Omit the images, then print each record below exactly as it reads.
****************
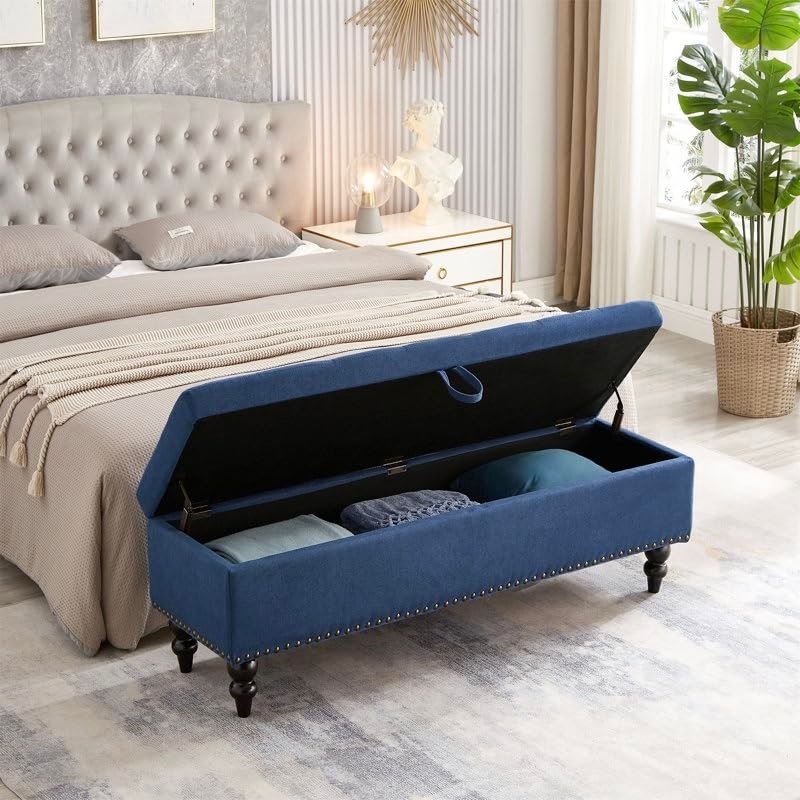Upholstered Sofa Bench with Storage | Pouffe-Style Ottoman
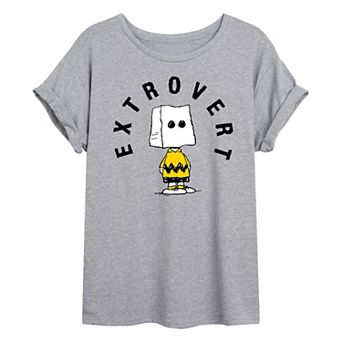 Juniors' Peanuts Charlie Brown Extrovert Oversized Tee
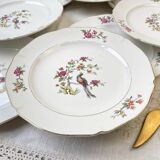 8 flat plates in Céranord porcelain, bird of paradise motif, "Regence" model
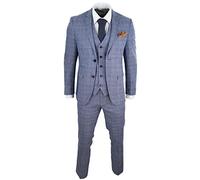 Mens Blue 3 Piece Suit Vintage Navy Tan Check Tailored Fit Classic Gatsby 1920s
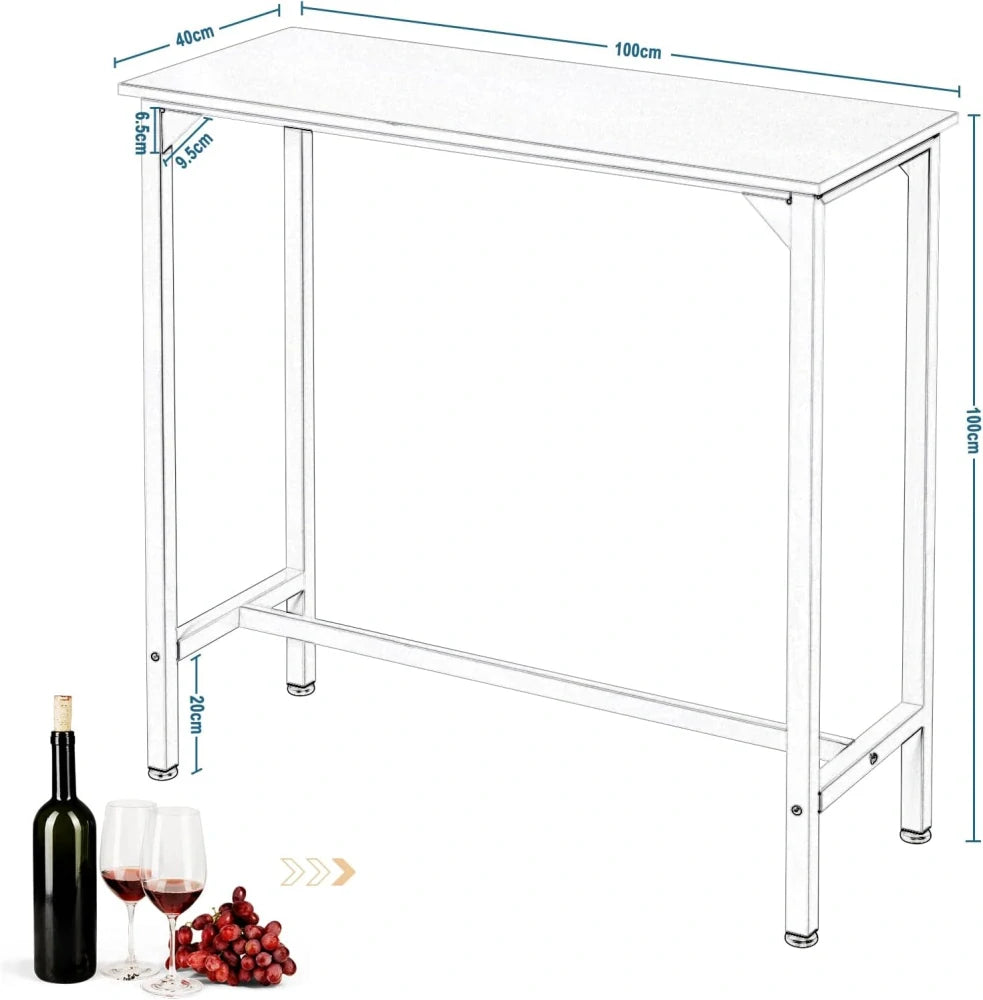Eugad Bartafel Hoog Consoletafel - Zwart - 100 x 40 x 100 cm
****************
- _Response to this task_
Upholstered Sofa Bench with Storage | Pouffe-Style Ottoman
 Juniors' Peanuts Charlie Brown Extrovert Oversized Tee
 8 flat plates in Céranord porcelain, bird of paradise motif, "Regence" model
 Mens Blue 3 Piece Suit Vintage Navy Tan Check Tailored Fit Classic Gatsby 1920s
Eugad Bartafel Hoog Consoletafel - Zwart - 100 x 40 x 100 cm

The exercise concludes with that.